In this exercise, copy exactly the lines from the one that contains "Panoramic aerial drone" through the end of the entries below; pictures are not copied.
START Input for this task
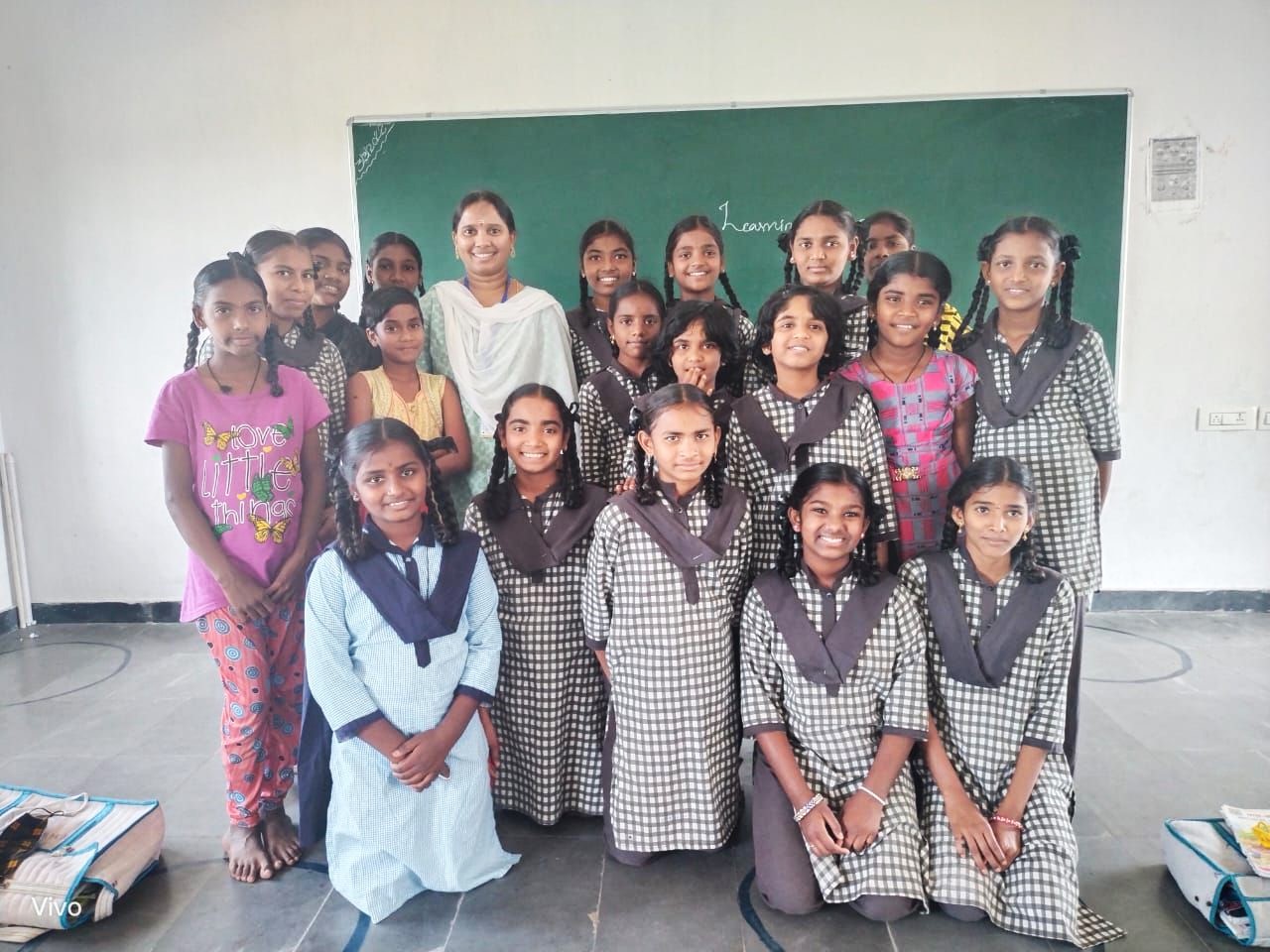 a teacher and her students at Learning Curve Skills Foundation
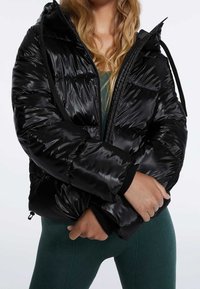 Svart vadderad jacka med glänsande, quiltad yta; har huva, dragkedja fram och elastiska muddar. Bärs över en mörkgrön outfit.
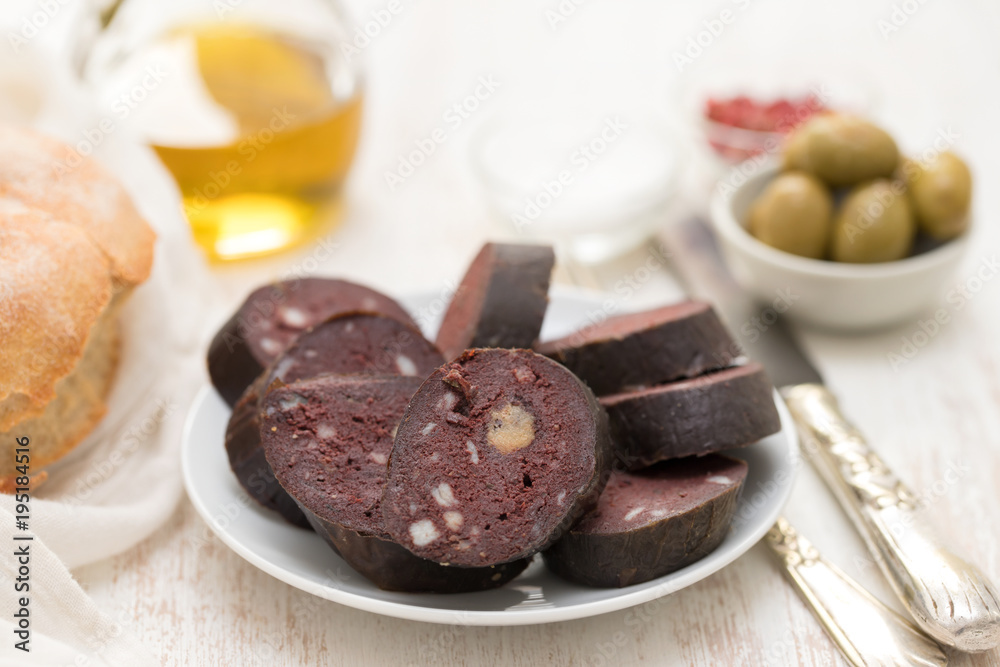 portuguese blood sausage on white plate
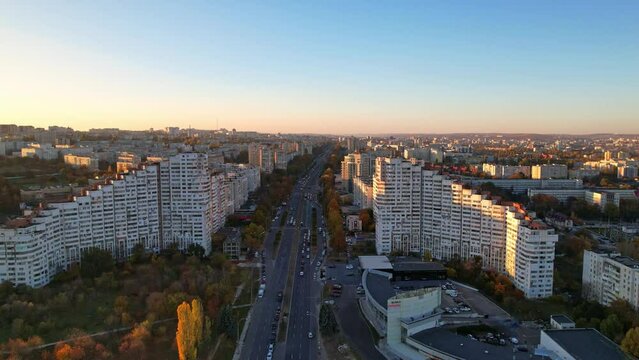 Panoramic aerial drone view of City Gates of Chisinau in Boulevard. View of road, trees, park, lake, buildings of Chisinau at autumn season, capital city of Republic of Moldova. 4K video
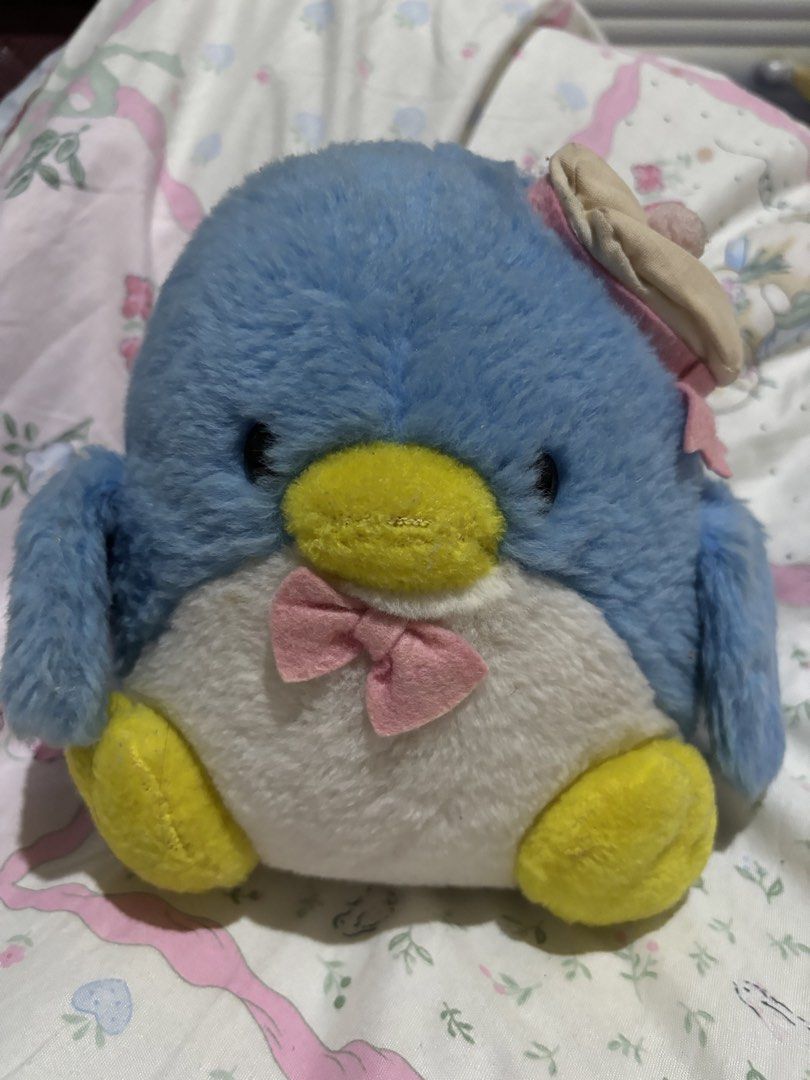 Vintage Tuxedo Sam Plush Toy (Category: Plushies & Soft Toys) located in Manila. Submitted by meloopsy (Listing ID 1422896418, Image 1). Description: - Adorable vintage Tuxedo Sam plush toy. - Features: - Blue body - White belly - Yellow feet and beak - Pink bow tie - Small hat with pink pom-pom - Perfect for collectors and fans of cute, nostalgic items..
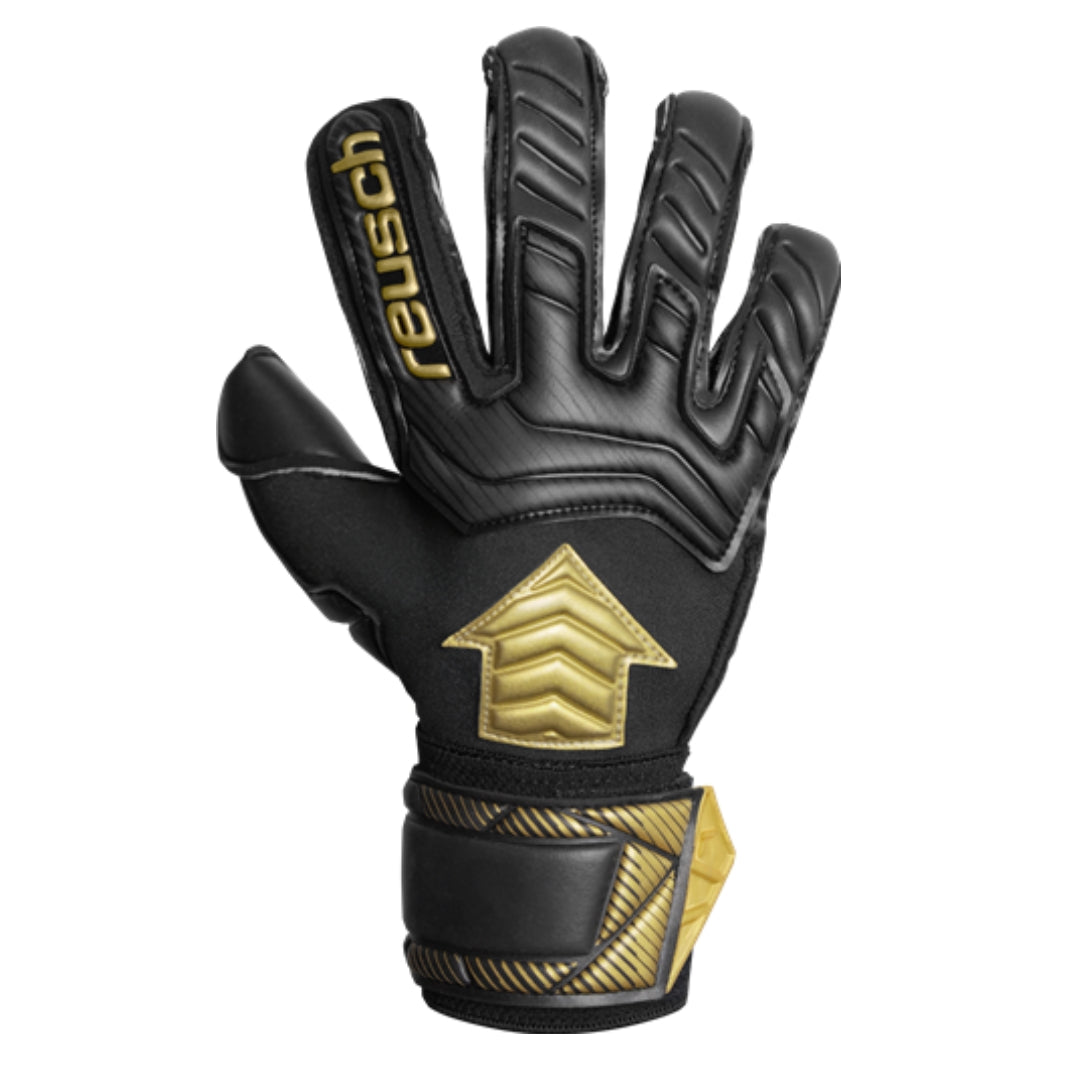 Black and gold glove with Reusch branding on a white background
END Input for this task
**Answer to the exercise**.
 Panoramic aerial drone view of City Gates of Chisinau in Boulevard. View of road, trees, park, lake, buildings of Chisinau at autumn season, capital city of Republic of Moldova. 4K video
 Vintage Tuxedo Sam Plush Toy (Category: Plushies & Soft Toys) located in Manila. Submitted by meloopsy (Listing ID 1422896418, Image 1). Description: - Adorable vintage Tuxedo Sam plush toy. - Features: - Blue body - White belly - Yellow feet and beak - Pink bow tie - Small hat with pink pom-pom - Perfect for collectors and fans of cute, nostalgic items..
 Black and gold glove with Reusch branding on a white background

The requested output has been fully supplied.